皆さんがペーパーレスのプロジェクトに取り組む場合、その多くは初めてだと思います。 物事、はじめから、そんなにうまくいくものではありません。
私自身も、始めたばかりの頃はなかなかプロジェクトが思った通りに進まず、試行錯誤することも多々ありました。
成功事例の裏側には数々の失敗事例があります。
今回はそんな失敗事例の中から共通点を見つけていきたいと思います。

【失敗フラグ①】方向性が定まらない状態で、会議を開催する

現場の意見を聴く。これは非常に大事なことです。
ただし、やり方を間違えると大ヤケドしてしまいます。
例えば、トップダウンで全社のペーパーレス推進が決まり、あなたがその事務局に任命されたとします。あなたはどうしますか?
ありがちなパターンとしては、各部の代表者を集めて、まずは意見を聴いてみようとします。これは、ほぼ確実に失敗します。
今までのブログを読んでいただいた方にはお分かりかと思いますが、下記の理由により、意見は発散し、ネガティブな状態で会議は終わり、そのプロジェクトは巻き返しが難しくなります。

<意見がまとまらない理由>

現場の意見を聴く前に、まず関係者である程度の方向性を定めておく、これが重要となります。
最低でも、何のためにやるのか、ゴールはどこに置くのか、範囲はどうするか等の基本事項は押さえておいてから、招集をしましょう。
その際、いろいろな会社の成功事例が有益な情報となりますので、数多くあたってみてください。
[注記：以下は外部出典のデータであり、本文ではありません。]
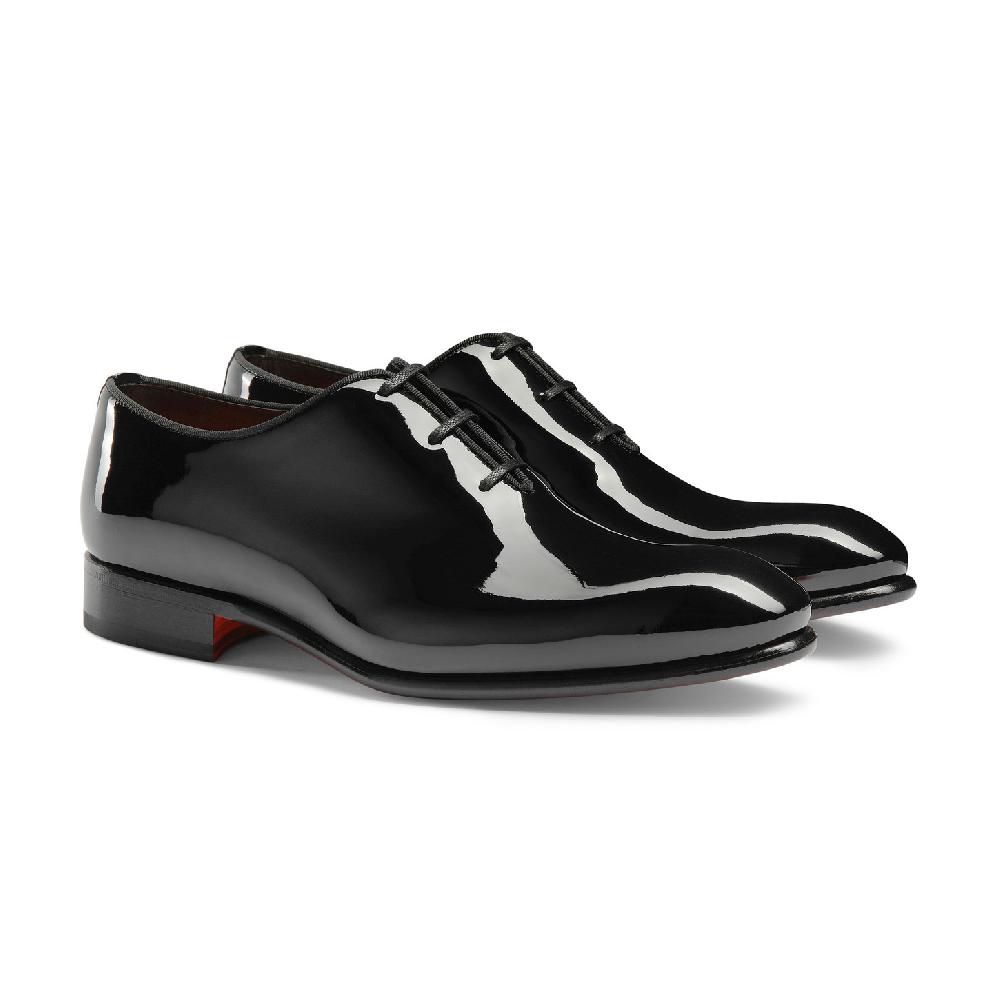 Santoni Stringata oxford da uomo in vernice nera Soddisfazione Garantita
【失敗フラグ②】全社一律の目標を、各現場に押し付ける

方向性が定まった上で、現場の意見を聴く。これは非常に有効なことです。
例えば、移転に向けて「現状より70%の文書やキャビネット削減が必要」になったとします。
ここでありがちなパターンとしては、各部に対し、同じノルマを一律に課してしまうことがありますが、これはあまり正しい進め方と言えません。
現時点で、各部ごとのペーパーレスの進み具合は大きく異なりますので、このやり方ですと、既にペーパーレス化を進めていた部門が損をし、何もやっていない部署が得をしてしまいます。これでは、プロジェクト全体に不満が発生します。
単純に一律の目標を押し付けるのではなく、各部ごとの状況やポテンシャル(削減余地)を把握した上で、お互い納得した形で、部ごとの目標を定めます。
プロジェクト事務局はこれらを積み上げて、トータルでの全社目標達成を目指します。

【失敗フラグ③】必要以上に、完璧を目指す

完璧を目指すのは良い事ですが、限度を超えると、物事を進めることが難しくなります。
完璧を目指し過ぎることによる弊害は、大きく二つあります。
まずはプロジェクトの終わりが見えなくなってしまうことです。
ペーパーレスはセキュリティ等と同じで、現実に100点満点の対応はあり得ません。
また一定レベルを超えると、やらないといけないことは膨大に増え、費用対効果が大幅に下がり、プロジェクトにブレーキがかかります。
大事なことは、100点を目指すのではなく、合格点をゴールに定め、それを目指すことです。
二つ目は、プロジェクト終了後の定着フェーズで躓くことです。
ペーパーレスは一時的なものでなく、継続して行うものです。
最初から細かく定めてしまうと、それ以降の更新にも手間がかかり過ぎ、後が続きません。
情報管理の強化に向けて、対象文書の洗い出しを行う等がこれにあたり、細かく調査し過ぎた結果、その後全くメンテナンスされずに終わりというような失敗事例も多数あります。
この手の施策は、継続して毎年更新することが重要なので、現場が対応出来、かつ目的が達成できる範囲で、適度な落としどころを定めることが重要となります。